▶ [Extracted material]
===============
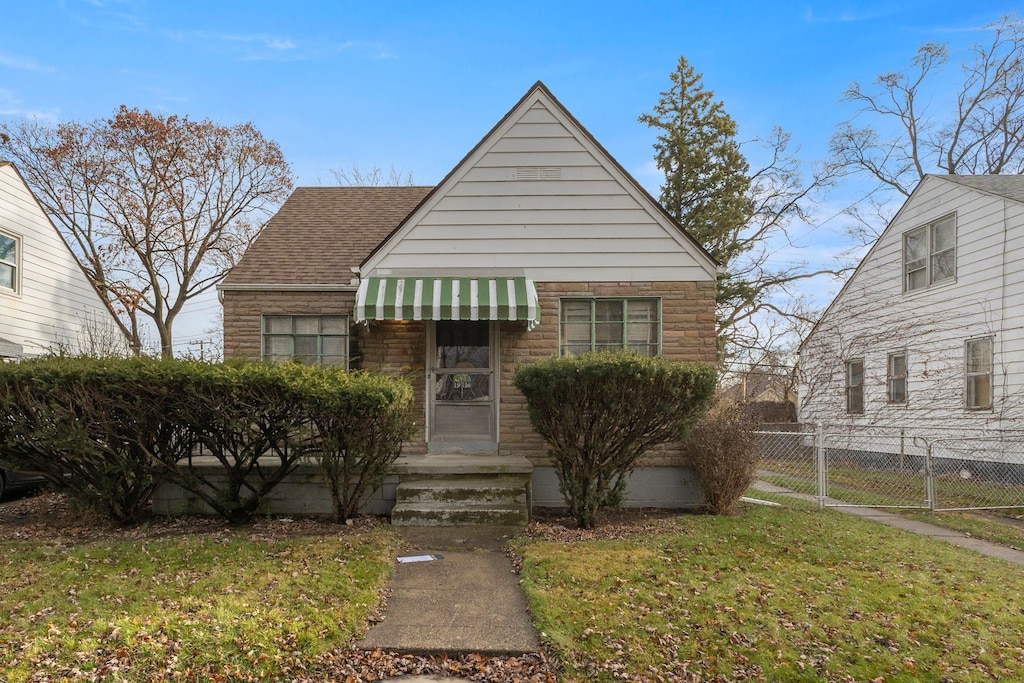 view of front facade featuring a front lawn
===============
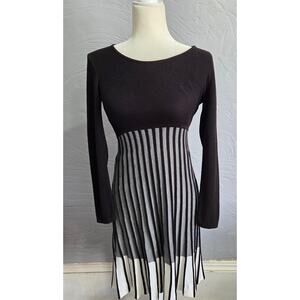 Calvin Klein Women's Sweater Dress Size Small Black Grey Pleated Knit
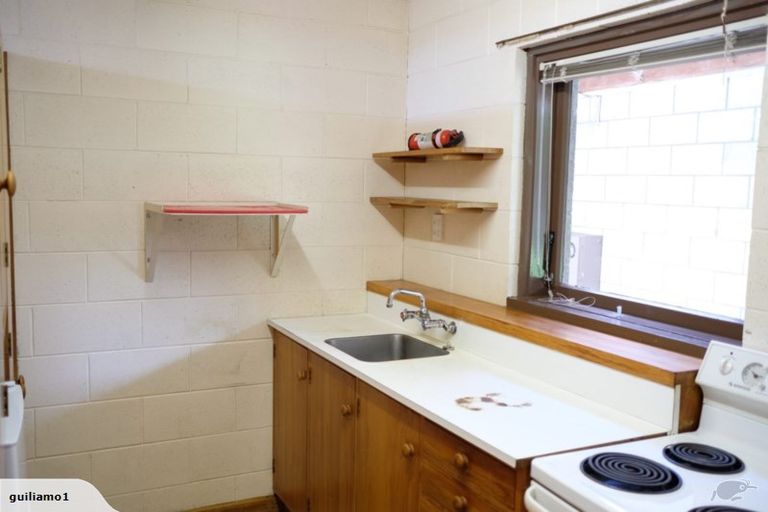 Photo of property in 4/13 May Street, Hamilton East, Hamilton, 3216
===============
▶ [Work order]
Within the listing above, the lines from the one with "Calvin Klein Women's" through the one with "Photo of property" are to be given again word for word. Do not include pictures.

▶ [Answer section]
 Calvin Klein Women's Sweater Dress Size Small Black Grey Pleated Knit
 Photo of property in 4/13 May Street, Hamilton East, Hamilton, 3216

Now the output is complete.